The CDP promises to provide the key to comprehensive data-driven marketing, a very attractive marketing concept where all your customer data is combined for marketing (and other) uses. Without the data and the management of the data, the ‘marketing brain’ that allows for smarter campaigns simply can’t function. So bringing together the data is very important.

There are some distinct characteristics of a CDP that explain why major brands are looking at them instead of relying purely on other types of data systems like CRM (customer relationship management) or a DMP (data management platform).

So what is a customer data platform and what is the difference with other systems?

Customer Data Platforms Best Practice Guide

What is a customer data platform?

The aim of the CDP is to bring together all customer data and stitch the data together into unified customer profiles. So a marketer can easily work with it.

You could say we have already heard the story of tools that can function as a hub or central place for customer data.
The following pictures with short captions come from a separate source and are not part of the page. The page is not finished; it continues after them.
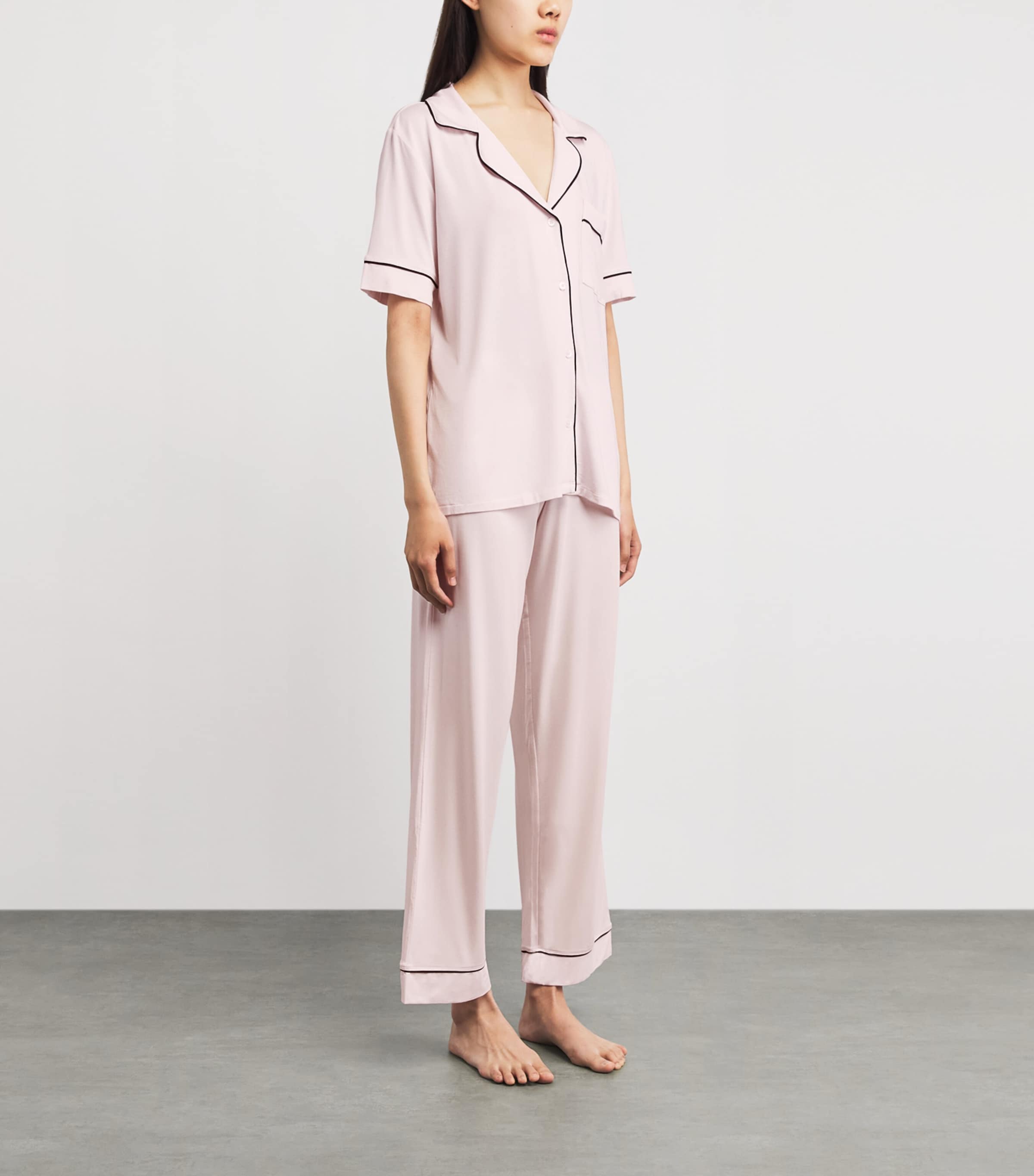 Eberjey Womens Short-Sleeve Gisele Pyjama Set Sorbet Pink/black Image 2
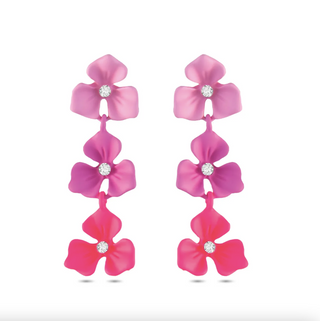 Pink Ombre Trillium Flower Drop Earrings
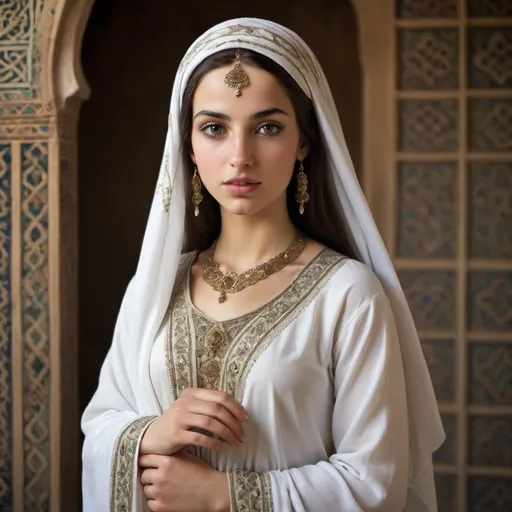 Prompt: An attractive young Arab Andalusian woman from the tenth century AD. White skin. She wears elegant and modest Arab-Islamic clothing.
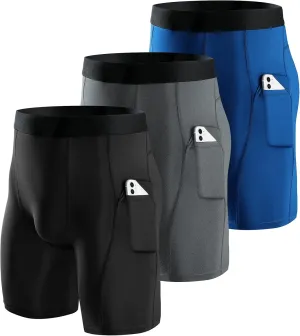 Niksa Compression Shorts Men 2/3 Pack, Compression Underwear for Men Athletic Shorts, Running Workout Fitness Shorts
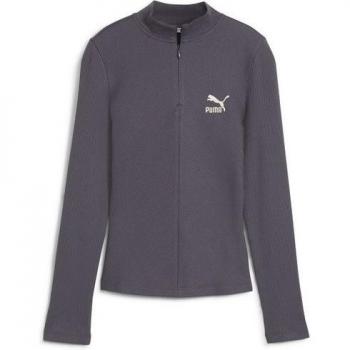 PUMA Sweat Grise avec Col Zip, Modèle Classics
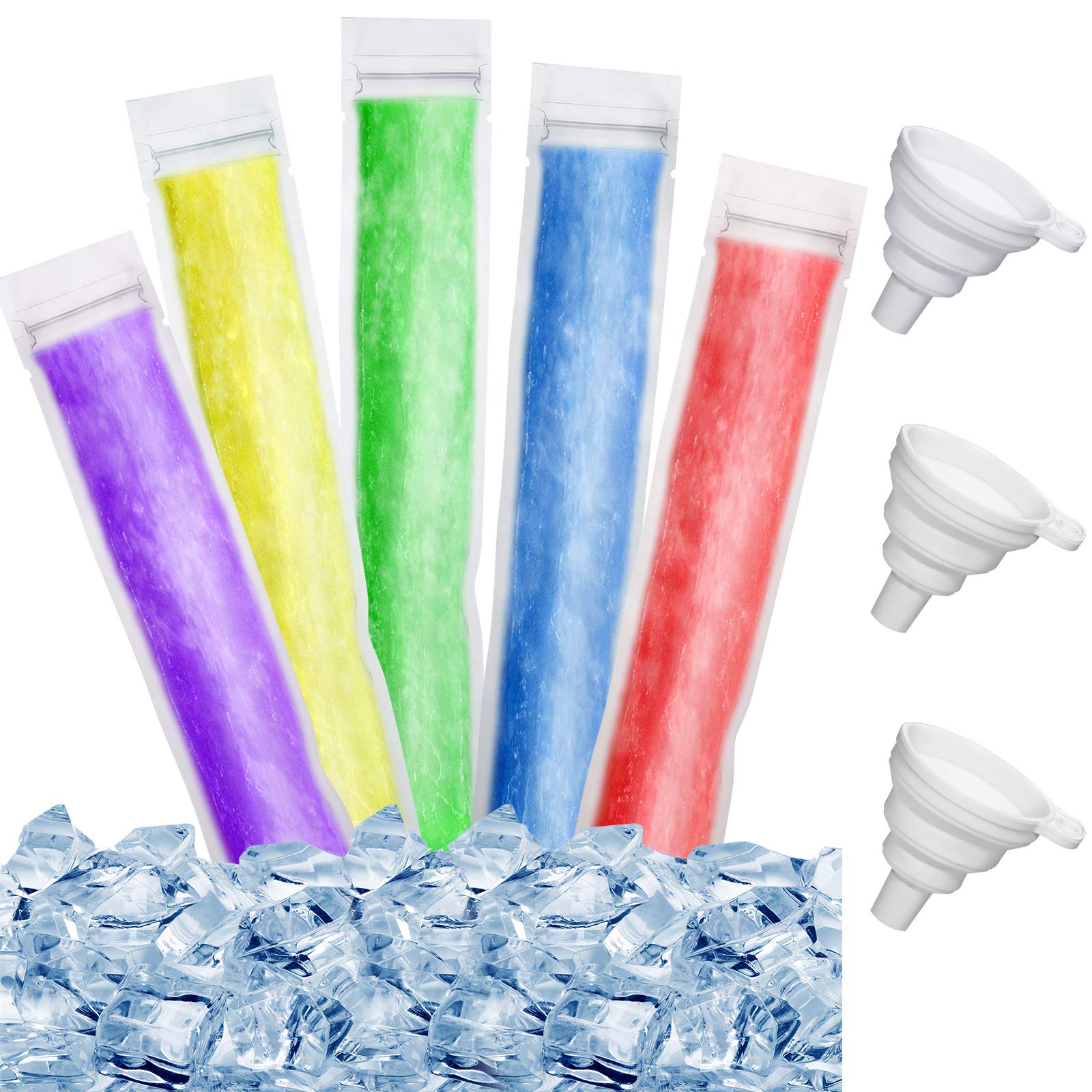 450-Piece Disposable Ice Mold Bags for Homemade Popsicles, Healthy Snacks & Smoothies - Includes 3 Funnels (8.7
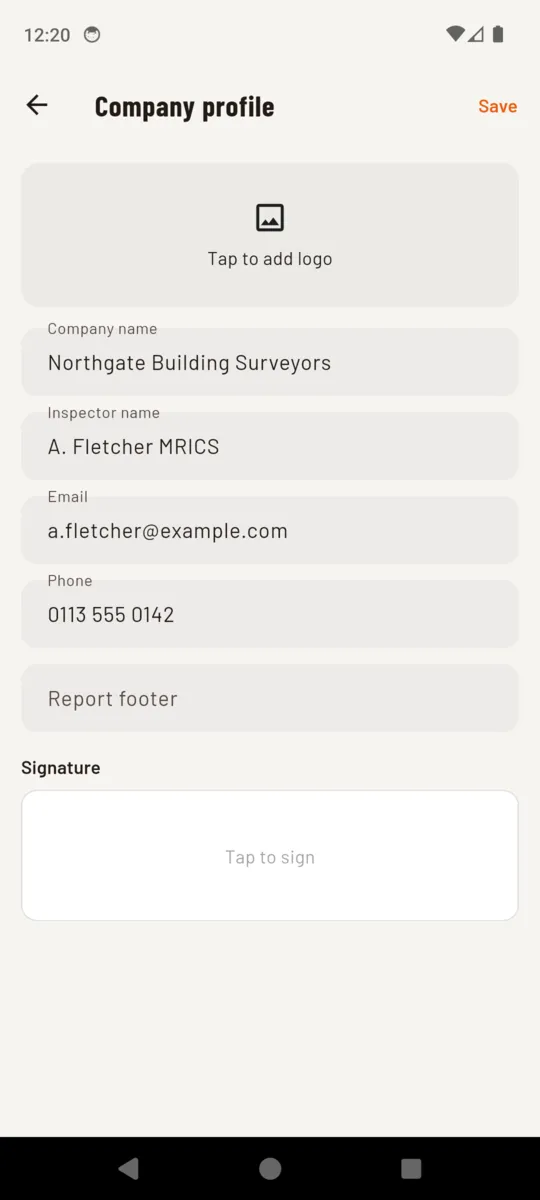 The SiteInspect company profile screen with fields for logo, company name, inspector name, email, phone, report footer and a signature pad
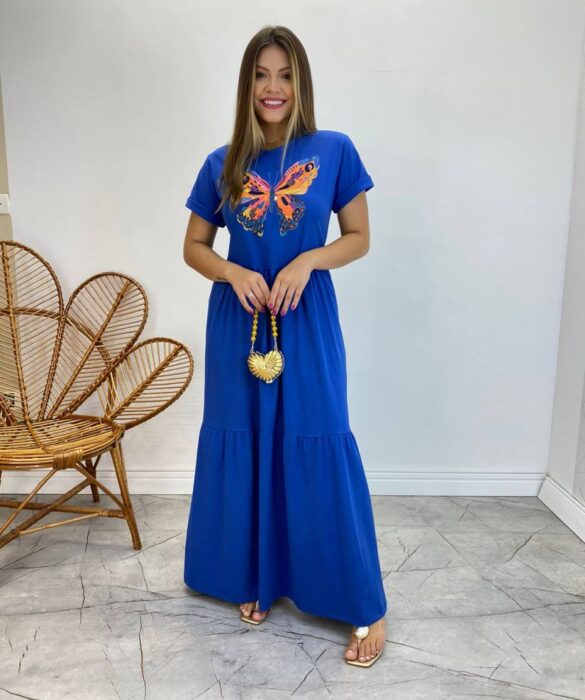 Vestido Longo sem Bojo de Malha Estampa Borboleta Azul - Fernanda Ramos Store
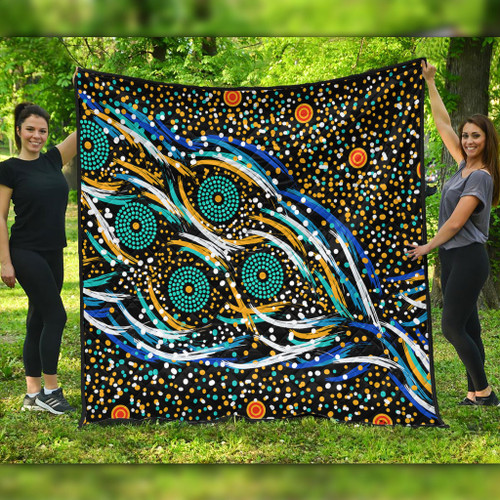 Australia Aboriginal Quilt - Color Dot Dreamtime Quilt Australia Aboriginal Quilt - Color Dot Dreamtime Quilt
There certainly has never been a shortage of technologies that claim to provide a ‘single customer view‘ or a ‘360 degree customer profile’.

But in reality there hasn’t been one platform type out there that has the potential to bring together all the data and at the same time properly make it useful for the marketer.

David Raab, a respected martech analyst, was the first to define the CDP category in 2013, and the definition reads as follows:

A customer data platform is a marketer-managed system that creates a persistent, unified customer database that is accessible to other systems.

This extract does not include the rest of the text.